- Election first since defeat of veteran leader Djukanovic
- Former Yugoslav republic is an EU membership candidate
- Polls show pro-European parties dominating vote
By Aleksandar Vasovic and Branko Filipovic
PODGORICA, June 11 (Reuters) – Polls opened in Montenegro on Sunday for a snap election many hope will bring in a new government to implement economic reforms, improve infrastructure and take the NATO member state closer to European Union membership.
The vote is the first in the former Yugoslav republic since Milo Djukanovic, former leader of the Democratic Party of Socialists (DPS), lost the presidential election in April and stepped down after 30 years in power.
Polling stations for the 540,000-strong electorate opened at 7 a.m. (0500 GMT) and will close at 8 p.m. (1800 GMT). First preliminary and unofficial results are expected about two hours later on the basis of a projection of results from a representative sample of polling stations.
The state election commission will then announce the final election results in coming days.
According to the Centre for Democracy and Human Rights (CEDEM) polling organisation, voter turnout by 1 p.m. (1100 GMT) was 28.1%.
Fifteen parties and alliances are competing for 81 parliamentary seats in the country of just over 620,000 people.
Montenegro remains sharply divided between those who identify as Montenegrins, and those who see themselves as Serbs and who remain opposed to the country’s 2006 split from a state union with neighbouring and much larger Serbia.
A poll by the CEDEM last month put the Europe Now Movement (PES), a pro-European party led by former finance minister Milojko Spajic – which also favours closer ties with Serbia – in the lead with 29.1% of the vote. The PES’s Jakov Milatovic won the April presidential vote.
“We understand that people are tired of politics Montenegrin style, but the parliamentary vote will shape life over the next four years,” Spajic said after casting his ballot in the capital Podgorica.
“I expect a stable government, … EU membership, better (living) standards,” Jelena Popovic, from Podgorica, said after casting her ballot at a polling station in a school.
The CEDEM poll put the pro-EU DPS under acting chief Danijel Zivkovic in second place with 24.1% support, with the Serb nationalist, pro-Russia Democratic Front (DF) in third place on 13.2%.

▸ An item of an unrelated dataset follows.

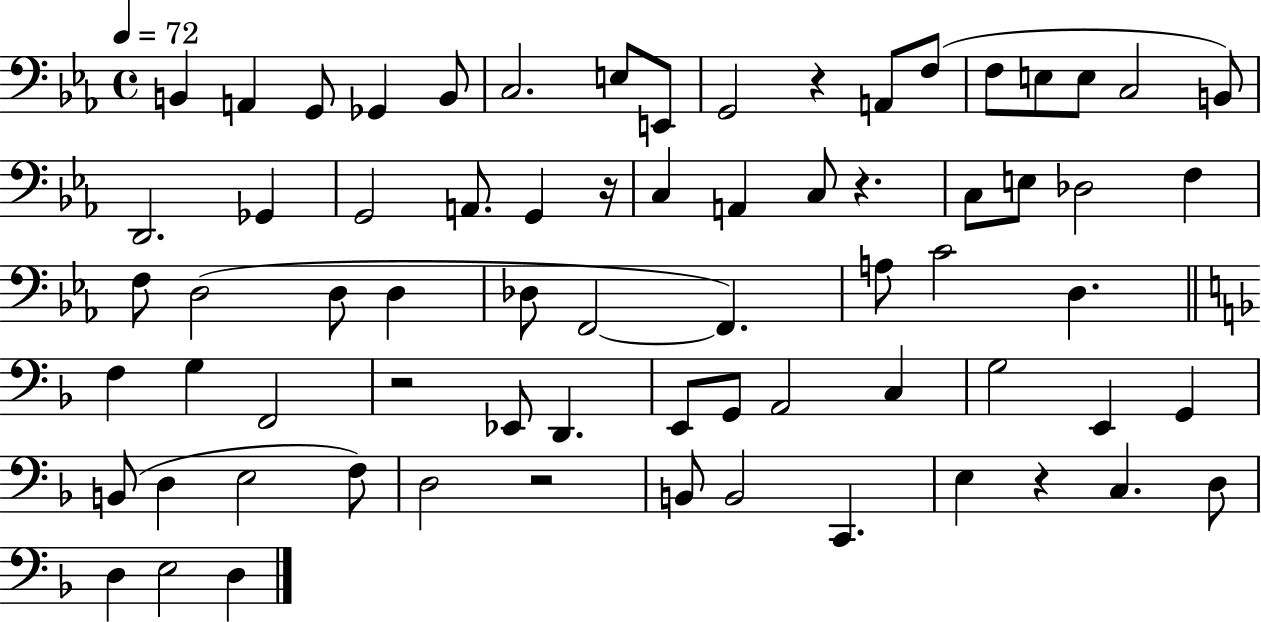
B2/q A2/q G2/e Gb2/q B2/e C3/h. E3/e E2/e G2/h R/q A2/e F3/e F3/e E3/e E3/e C3/h B2/e D2/h. Gb2/q G2/h A2/e. G2/q R/s C3/q A2/q C3/e R/q. C3/e E3/e Db3/h F3/q F3/e D3/h D3/e D3/q Db3/e F2/h F2/q. A3/e C4/h D3/q. F3/q G3/q F2/h R/h Eb2/e D2/q. E2/e G2/e A2/h C3/q G3/h E2/q G2/q B2/e D3/q E3/h F3/e D3/h R/h B2/e B2/h C2/q. E3/q R/q C3/q. D3/e D3/q E3/h D3/q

Montenegro is a candidate to join the EU but it must first root out corruption, nepotism and organised crime.
After casting his ballot, Djukanovic, who still wields considerable influence over his party’s policies, said: “I believe they (voters) will… continue to develop our country as an …European civil democracy.”
The vote is expected to end a period of political deadlock in which two governments, that came to power on the back of 2020 protests backed by the influential Serbian Orthodox Church, collapsed after no-confidence votes.
In 2017, Montenegro joined NATO, a year after a botched coup attempt that the then government blamed on Russian agents and Serbian nationalists. Moscow dismissed such claims as absurd and the Serbian government denied involvement.
After Russia’s invasion of Ukraine last year, Montenegro – unlike Serbia – joined EU sanctions against Moscow, sent aid to Ukraine, and expelled a number of Russian diplomats. The Kremlin has placed Montenegro on its list of unfriendly states.